Count Your Lucky Stars

Count Your Lucky Stars

On the NPR podcast, “How I Built This,” host Guy Raz interviews successful entrepreneurs about how they built their business. One question he asks everyone is how much of their achievement can be attributed to luck versus knowledge, skills, or perseverance. The answers vary, but one response in particular stuck with me. Kevin Systrom, the co-founder of Instagram, said,

“I have this thesis that the world runs on luck. Everyone gets lucky for some amount in their life. And the question is, are you alert enough to know you’re being lucky or you’re becoming lucky? Are you talented enough to take that advantage and run with it and do you have enough grit, do you have enough resilience to stay with it when it gets hard?”

He goes on to explain that everyone gets lucky in minimal ways all the time.
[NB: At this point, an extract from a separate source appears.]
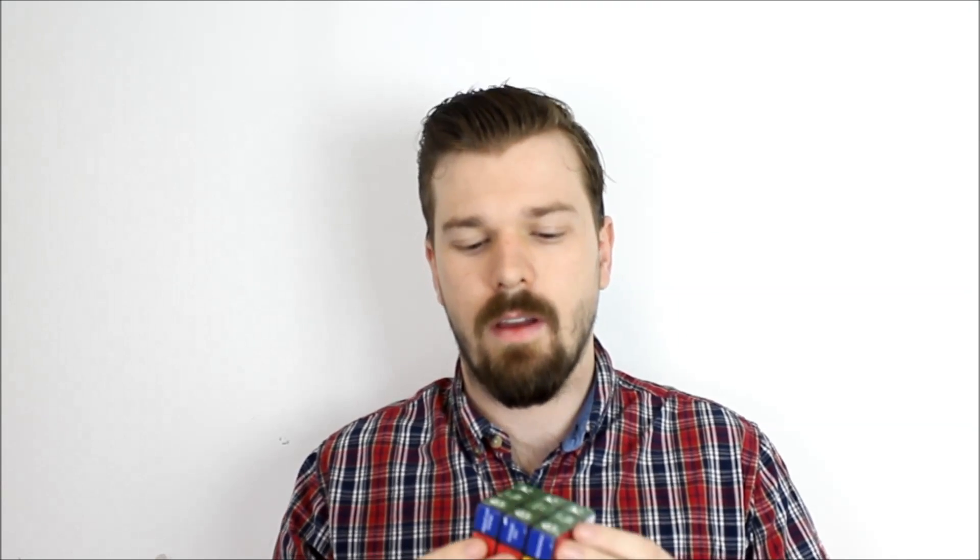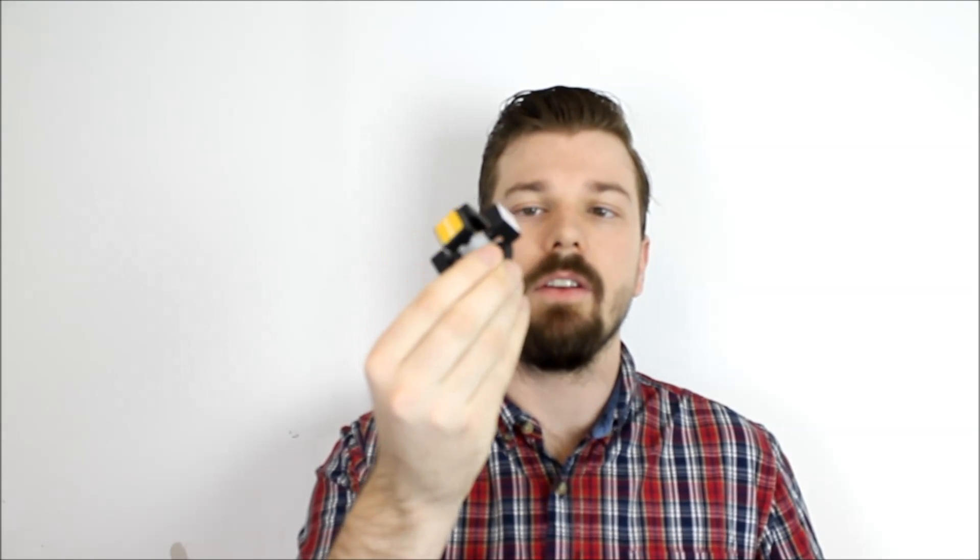Hey guys, I decided to take upon a challenge and recreate a Rubik's Cube entirely 3D printed. I've seen this attempt a few times where basically the center cube has either been screwed in or they've used an existing internal core of a Rubik's Cube. What I've managed to do is I've successfully 3D printed an entire Rubik's Cube which works 100%.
You may find a dollar on the ground or catch a break at work and be placed on an important project. What sets successful people apart, he argues, is they have the optimism to acknowledge their luck and capitalize on it.

There is no doubt that the founders of Instagram are highly skilled, hard-working, and resilient entrepreneurs. But their success, as they admit, is due in large part to the chance that they were in the right place at the right time to start their company right at the moment of a technological shift outside of their control. It was the first time in history that people were carrying powerful devices for capturing the world in their pockets at all times. Plus, the quality of cameras on phones was catching up with that of point and shoot cameras. Kevin Systrom and Mike Krieger were lucky enough to meet each other in college and lucky enough to get along well enough to collaborate after school at the same time as this technological shift. Not to mention the luck involved of being born into families and favorable environments that supported their education and enabled them to attend Stanford.

Kevin and Mike say that luck accounted for about 50% of their success. This may not be an inaccurate estimate, given a recent study reported on in Scientific American[1] suggesting that luck and opportunity may play a far greater role in success than we might realize. The report cites the work of risk analyst Nassim Taleb, investment strategist Michael Mauboussin, and economist Robert Frank in suggesting that – when looking at fields such as financial trading, business, sports, art, music, and literature – we miss out on an important piece of what makes people successful if we focus only on personal characteristics.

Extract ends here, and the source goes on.